Dazzled

Description

245 pages
$18.95
ISBN 0-7725-1503-4

Author

Publisher

Year

1984

Contributor

Reviewed by Matt Hartman

Matt Hartman is a freelance editor and cataloguer, running Hartman Cataloguing, Editing and Indexing Services.

Review

Gray’s Billy Bishop Goes to War is one of the success stories of Canadian theatre. A new play, Better Watch Out, is the Christmas offering at the Vancouver Playhouse. The 38-year-old playwright has spent some sixteen of those years in Vancouver and has experienced first-hand some of the distractions of his characters. Gray’s first foray into fiction contains within its interstices enough of the social foibles of the ‘60s to merit consideration as social commentary. Dazzled isa flippant, witty, and insightful novel about the struggle to pull out from under the illusory life of television, fashion fads, and our friends, the Americans.
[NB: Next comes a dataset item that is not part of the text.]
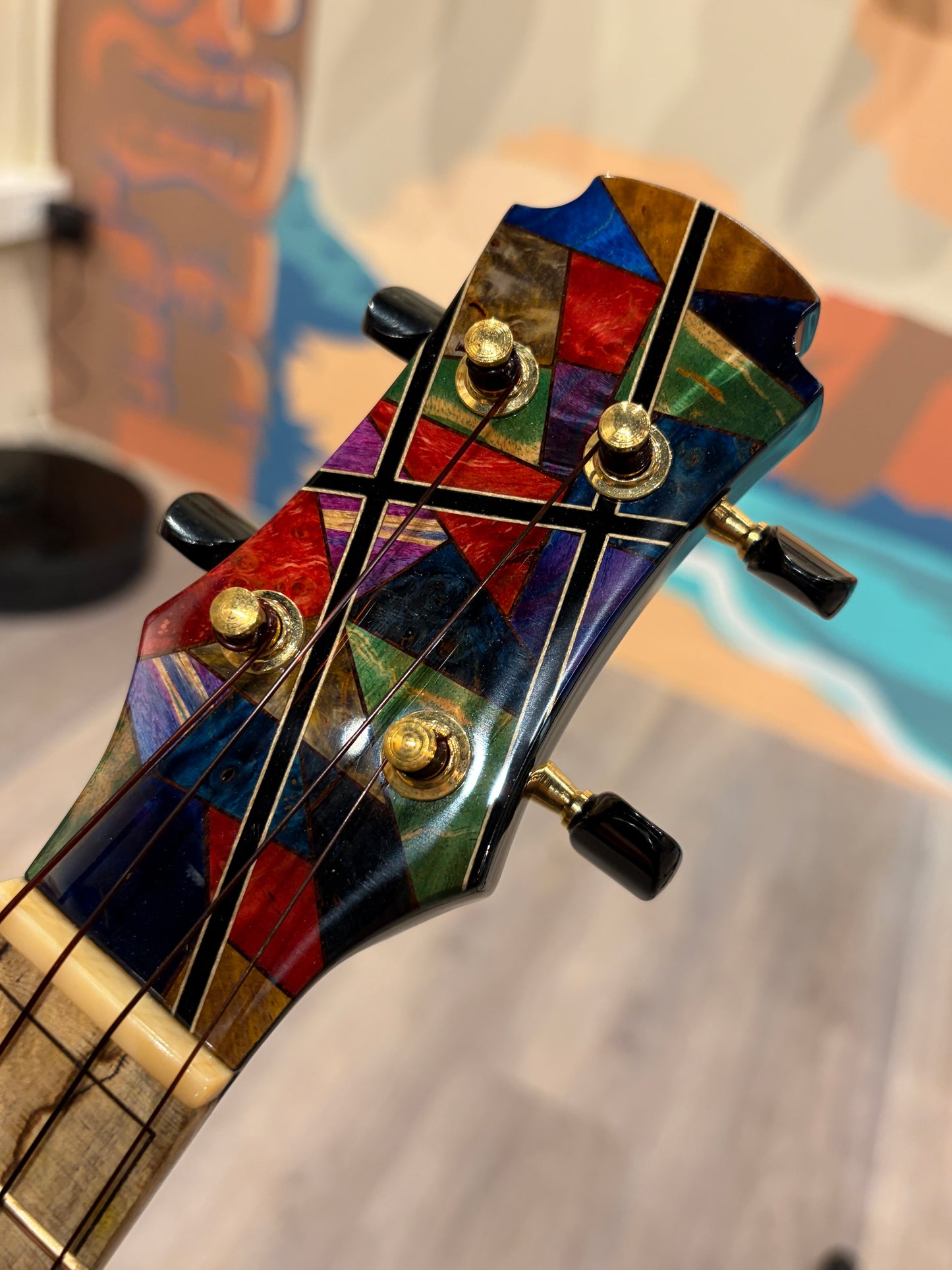 Hozen Custom German Spruce/ Curly Maple Tenor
Gray’s persona shares with this reviewer the distinctive post-hippie milieu of the Kitsilano District (shares, in fact, nearly an identical address on West 6th Avenue in what was, during the early ‘70s, Haight-Ashbury North). Communal living, turning-on and tuning-out, the blathering narcotic of network television, image consciousness — these are the stuff that dreams were made on. From the purgatory of shifting fashions and unstable images Gray’s first person hero emerges atop a rainswept mountain to blow up a tv transmitter and settles, finally, into the ownership of the Luxe Junk Company, where he can “take stock by taking stock” and from this vantage point see what was wrong and what was right with his life.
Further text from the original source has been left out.